The nights went late, the days were long and four days flew by so fast that for a moment Schneider thought it was Thursday afternoon. Nope. It was Friday, the day veteran free agents could begin signing, and Seattle's haul included a rather sizable addition: Brandon Mebane.

On the day Seattle officially added quarterback Tarvaris Jackson, guard Robert Gallery and receiver Sidney Rice, the significance of Mebane's return overshadowed the new faces.

That's understandable. After all, Mebane casts quite a shadow at more than 300 pounds, and of Seattle's 22 unrestricted free agents, he was among the most coveted around the league. The Seahawks needed to get deeper along the defensive line for 2011, and you don't do that by losing someone like Mebane, a four-year starter since being chosen in the third round of the 2007 draft.

So when Mebane agreed to return for a five-year contract worth a reported $25 million, it was time to exhale.

"Being able to re-sign one of your own guys who was a hot commodity in free agency is huge for us," Schneider said. "He wanted to stay here, we wanted him to stay here."

That doesn't always mean it works out. After all, the Seahawks said they wanted to keep Matt Hasselbeck. Coach Pete Carroll called it a priority after the season ended, and Hasselbeck hoped to remain a Seahawk all the way up until Tuesday when teams could begin talking to free agents.

The Seahawks closed the door on Hasselbeck's return Tuesday, and he then chose to sign with Tennessee. Schneider was forbidden by NFL rules from discussing Hasselbeck's departure until Friday, and he started his interview with reporters by addressing it.

"The amount of respect that we have for Matt is enormous," Schneider said. "A really big decision, very hard decision. These decisions affect people's lives, and we do not take them lightly. We're very excited about moving forward, don't get me wrong, but I just wanted to start this by talking about the respect we have for the man, the football player, everything he did here in Seattle."

The Seahawks made a business decision, Schneider said. So did Hasselbeck when he declined to re-sign with the Seahawks before the lockout.

Schneider was asked if Hasselbeck had the option to return after the lockout ended.

"We had done enough negotiating with Matt that we had our answer going in," Schneider said. "Then it just kind of became more and more clear the longer the lockout went. I don't know how else to describe it."

The Seahawks moved in another direction, signing Jackson, whom Schneider described as a "pretty intriguing young prospect."

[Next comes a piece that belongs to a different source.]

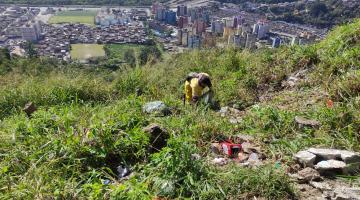 Homem retira lixo de área do morro com muita mata e cidade ao fundo. #paratodosverem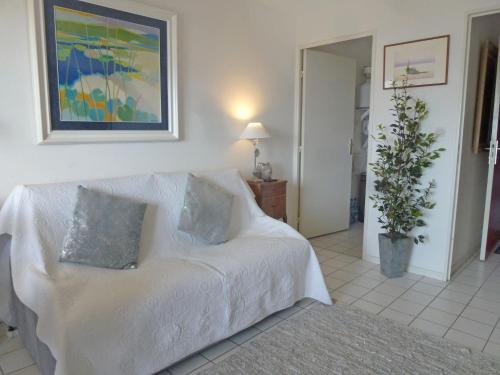 un salon avec un canapé blanc avec deux oreillers dans l'établissement Apartment l'Amiral by Interhome, à Trouville-sur-Mer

Jackson was instrumental in Seattle's pursuit of Rice, his teammate in Minnesota. Throw in Gallery to become the veteran leader on a young offensive line, and the Seahawks addressed most of their free-agent priorities.

The biggest remaining concern was the defensive line, where Seattle retained Mebane and added Alan Branch from Arizona. Branch is another big-bodied defensive lineman who will play the same position as Mebane and also contribute at the defensive-end spot Red Bryant plays.

Seattle also re-signed Leroy Hill, the linebacker who has been in Seattle six seasons but played just 13 games in the past two seasons because of injuries and a league suspension.

"He's got a lot to prove," Schneider said. "He thinks he does as well. He's a really hungry guy. He's champing at the bit. I'm excited to see him come in here and see him play like he did two years ago."

Seattle has also signed all nine members of its draft class. Offensive tackle James Carpenter, a first-round pick, was signed in time to participate in Friday's practice. Guard John Moffitt — the third-round pick — was under contract midway through the afternoon.

That was just more business the Seahawks had to take care of in a week both busy and unprecedented. When Schneider arrived at the team's headquarters on Monday morning, the league's four-month lockout was still in place.

Schneider expected business would begin Tuesday at the earliest. Instead, teams could begin negotiating with undrafted rookies that evening, starting a week in which Schneider never really stopped.